Speaking at a Sanford C Bernstein & Co conference in New York on Thursday, Dell declined to say what would prompt him to make the move.
He said he had “every intention” of continuing to run the company and that growth-revival plans had not come to fruition.
“This transformation is incomplete,” Dell, 45, said. “If I had to give it a grade, I’d give it an incomplete.”
Dell retook the CEO position in 2007 after the company lost the top ranking in PC sales. He has made more than 10 acquisitions and is eliminating jobs to spur earnings growth and diversify beyond PCs, which account for more than half of revenue.
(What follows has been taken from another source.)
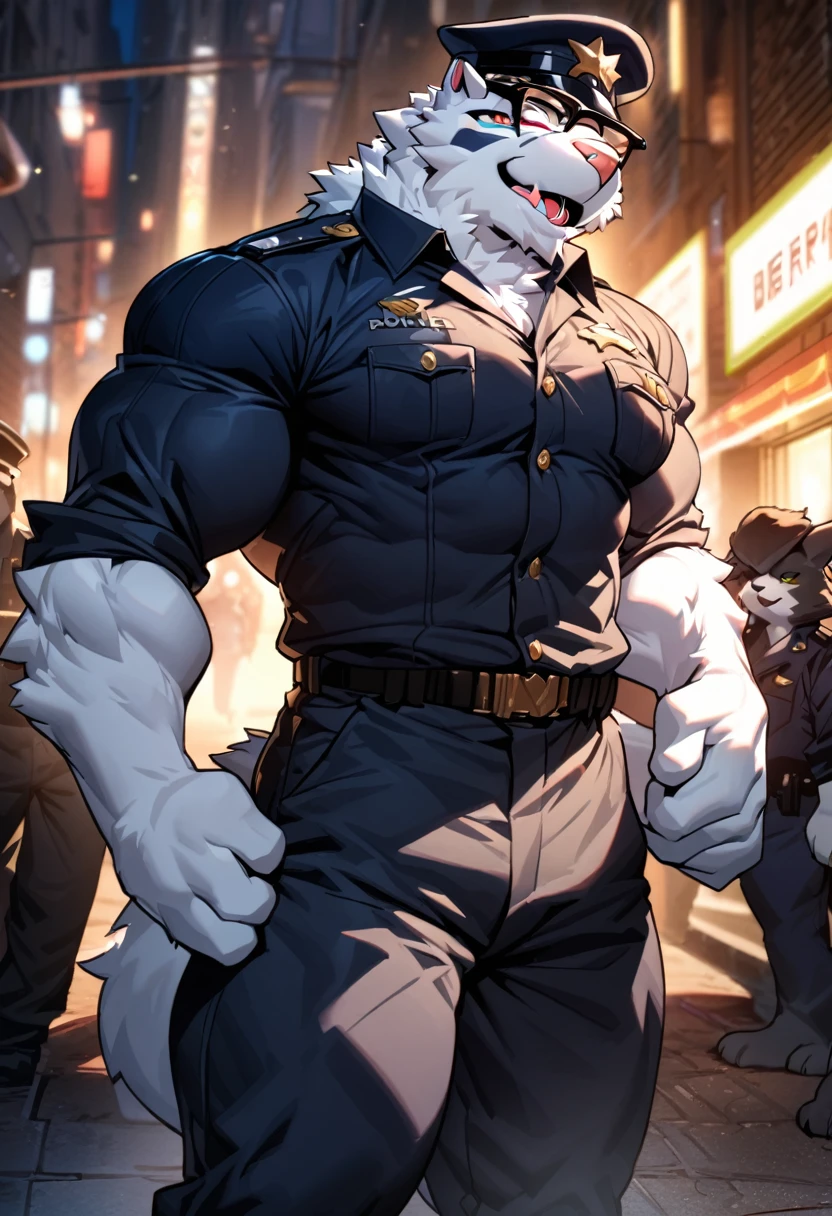 (masterpiece),(highres),(intricate details:1.4),extremely detailed,(illustration:1.2),8k,photorealistic,exquisite,(daddy:1.5),aged,(elder male wolf:1.7),muscular,(brave and powerful:1.5),manhood,warrior,long hair,long beard,(numerous scars),(bulging crotch:1.8),(homosexual:1.5),(roaring:1.5),(a uniform that fits snugly against the body:1.6),(be soaked to the skin:1.6)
The company’s turnaround has been hampered by rising costs for such components as memory and LCDs. Gross profit margins have narrowed for two straight quarters, eroding the benefits of a rebound in business demand.
The company will continue to pursue acquisitions, with large deals less likely, and keep hiring salespeople, especially specialists in the services and storage markets that Dell is working to expand, he said.
Service accounts for about 13 percent of Dell’s revenue, while storage represents about 4 percent.
Dell’s acquisitions include the US$3.9 billion buyout of services provider Perot Systems Corp. Since his return, Dell has also announced plans to cut more than 10,000 jobs and outsource 53 percent of production as he shut factories to save money.